◆ Data for this exercise ◆

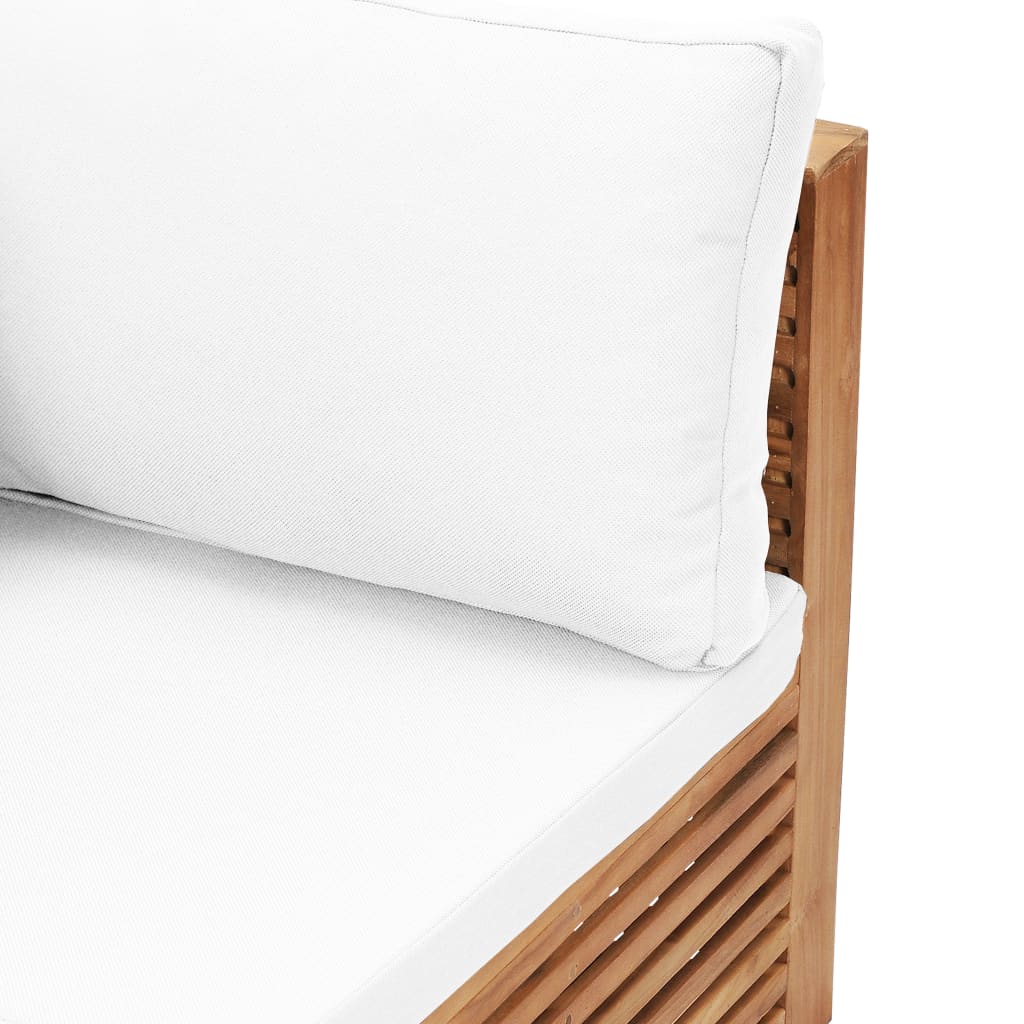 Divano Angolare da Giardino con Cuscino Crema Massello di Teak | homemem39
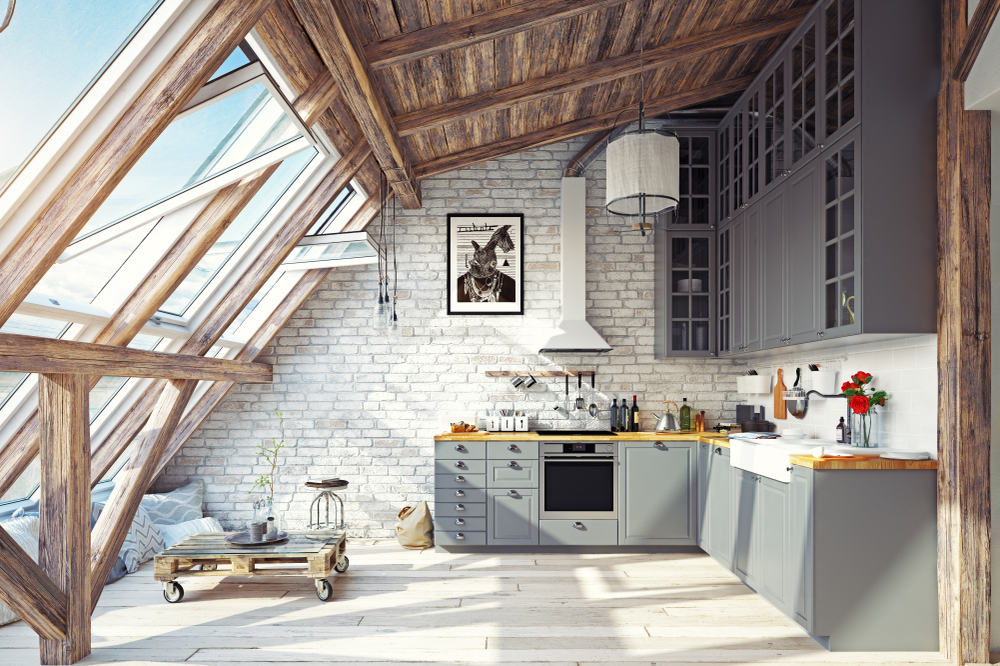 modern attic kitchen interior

==

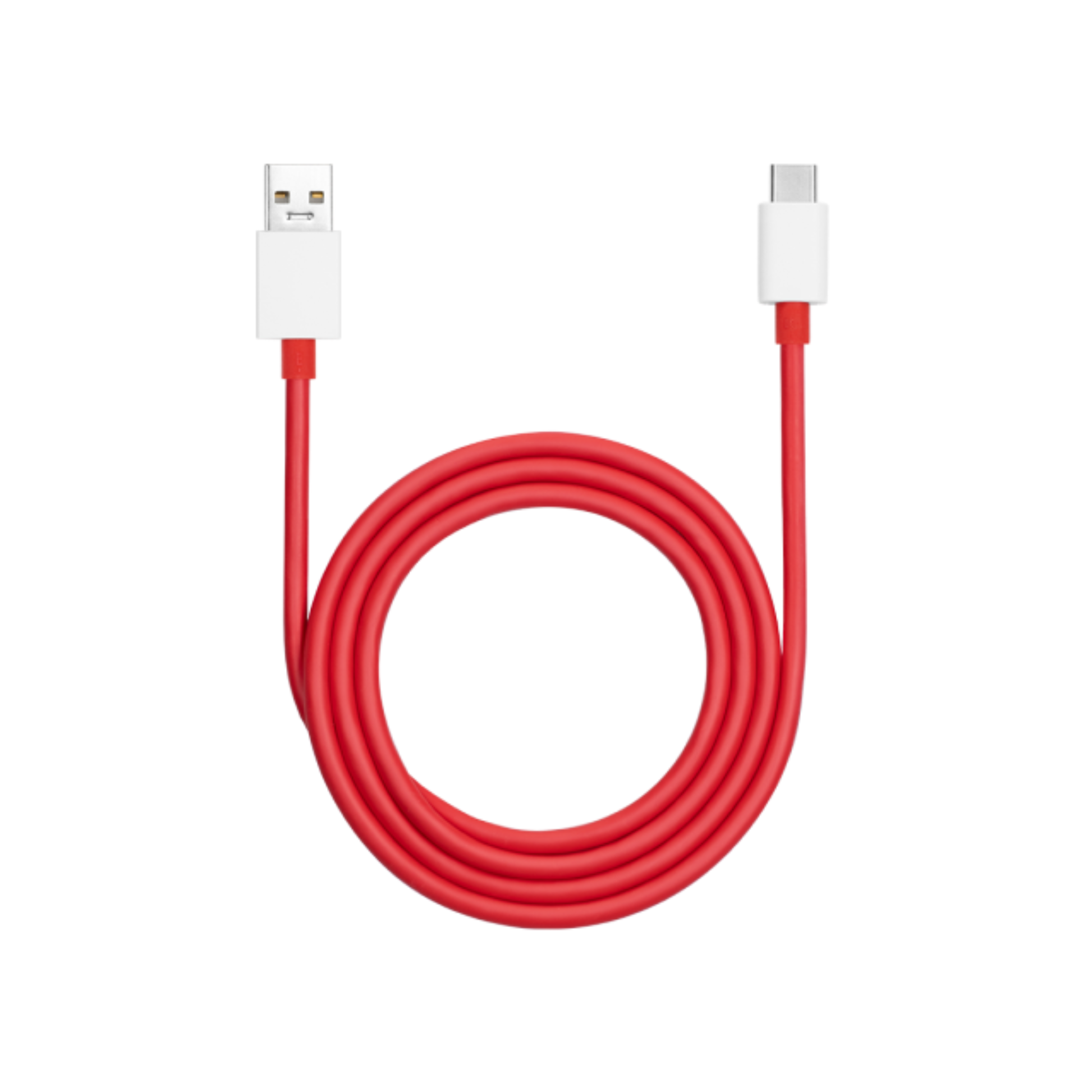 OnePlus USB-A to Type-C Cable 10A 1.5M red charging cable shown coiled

==

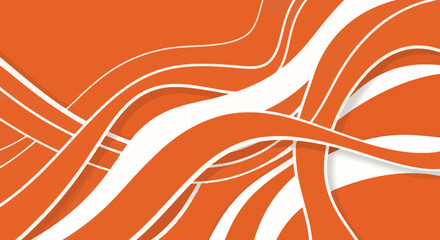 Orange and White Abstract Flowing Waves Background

◆ Brief ◆
Retype only the lines above from the one with "Divano Angolare da" through the one with "modern attic kitchen interior", exactly and with both ends. Images stay out.

◆ Answer section ◆
 Divano Angolare da Giardino con Cuscino Crema Massello di Teak | homemem39
 modern attic kitchen interior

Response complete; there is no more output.